247Bull.com Editor: The programme of gold leasing by central banks began in July 1998 when Fed Chairman Alan Greenspan stood before the House Committee on Banking and Financial Services and said, “Central banks stand ready to lease gold in increasing quantities should the price rise.” In other words central banks agreed to lease (loan) gold into the market in order to suppress the price. The central banks did not report these loans as sales, so their official gold reserves remained constant, however the gold is no longer available. It was loaned to the large bullion banks, such as Barclays, Goldman Sachs, JP Morgan, Bank of America, UBS, and Citibank for around 1%. The bullion banks then sold the gold into the market so that they could invest the proceeds at a higher yield. This was the so-called “gold carry trade” and the unwinding of the trade could prove to be a big catalyst for the gold price in the months and years ahead. This is the only way that central banks such as the Bundesbank will get their gold back, and it explains why it will take 7 years.
In this week’s talk with National Numismatics’ Tom Cloud, he explains why Germany’s gold repatriation is just the beginning, the US Mint’s silver shortage will continue, and the big money is right about precious metals.
DollarCollapse: Hi Tom. It’s been an eventful few weeks in precious metals, though you wouldn’t know from the price action alone. Hit the high points for us.

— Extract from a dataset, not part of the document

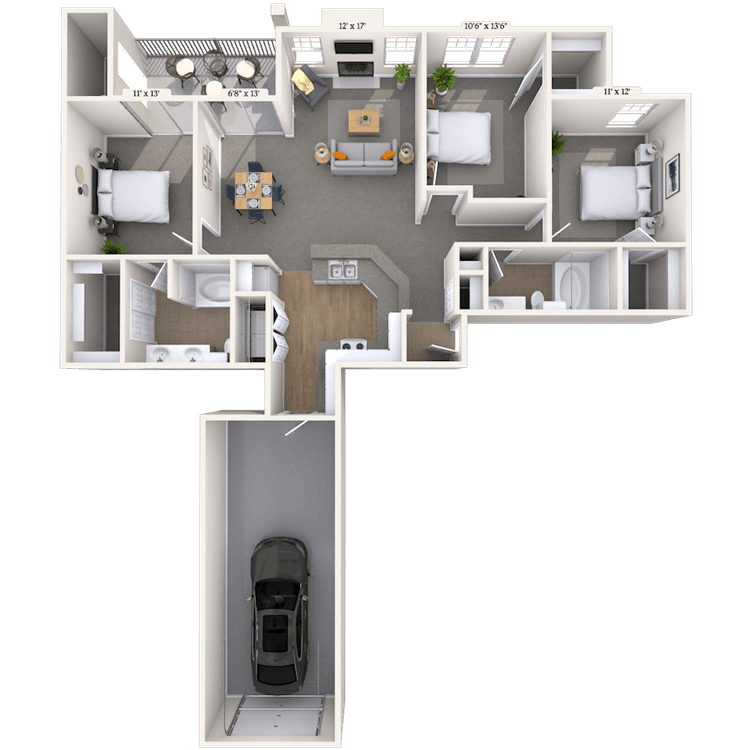 Floorplan image of unit 282824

Tom Cloud: Germany’s gold repatriation is obviously a game changer. They got all their gold back from France right away. But the US government put them off for 7 years, probably by offering them some kind of premium to take their gold back slowly. More gold, Treasuries, no one knows what exactly but clearly it was a big inducement. It’s also clear that Germany won’t be the last country to bring its gold home. The Netherlands is next and then probably Switzerland. It’s become a game of musical chairs. No one wants to be caught when the music stops. And make no mistake, it will stop. Everybody in the industry knows the US doesn’t have the gold and can’t deliver it. They’ve leased it all out.

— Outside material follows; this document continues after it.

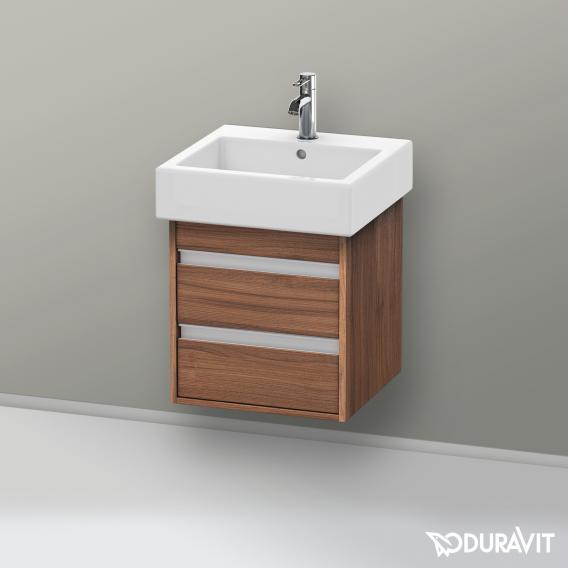 Duravit Ketho 梳妝台配有 2 個拉出式隔層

It’s important to understand that there are two big stashes of gold in the US. Fort Knox supposedly holds the gold that belongs to us. And the New York Fed holds gold that has been deposited by other countries for safe keeping. That’s where Germany’s gold would be if the US hadn’t leased it out.
DC: Then there’s the US Mint running out of silver eagles.
TC: They sold out in the first three weeks of the year and had to stop taking orders. They’ve since started back up but demand is immense [editor’s note: silver eagle sales are now running at roughly 5 times the December rate – see US Mint silver coin sales in January climb to a record]. Premiums are way up on silver eagles since a lot of customers are willing to pay up for the most recognizable coin. Others are either waiting for the premiums to go down or are buying maple leafs or silver buffalo or philharmonics, which have lower premiums.
DC: I thought buffalos were US government coins. Why aren’t they selling out too?
TC: The gold buffalo is made by the US Mint but the silver buffalo is not. It’s made by a private mint, which we shouldn’t name because they don’t need people calling them and bothering them. They’re doing great though.
DC: So who’s doing the buying now?
TC: Right now the big money is moving and the little money is not. The little guy is gonna wait till gold jumps over 1700 to start buying. We’ve been in this channel between 1600 and 1700 for a long time, but we’ll break out pretty soon. Then you’ll see everybody pile in.
DC: And what do your clients want to talk about?
TC: It seems almost funny for a gold guy to spend a third of his time answering questions about interest rates. But big gold buyers have a lot of bonds too. Everybody knows the top [in bonds] will be soon if we haven’t already seen it. Just like people get the gold stashes confused, people also get confused on interest rates because they read about “no interest rate increases till 2014”. But can you borrow money from the fed at zero percent? Not if you’re not a bank. Interest rates aren’t stable in the real world and have actually been edging up for a while. The rate on ten-year Treasuries is up from 1.6% to 2% lately. Very soon everyone will discover that the Fed can’t control this.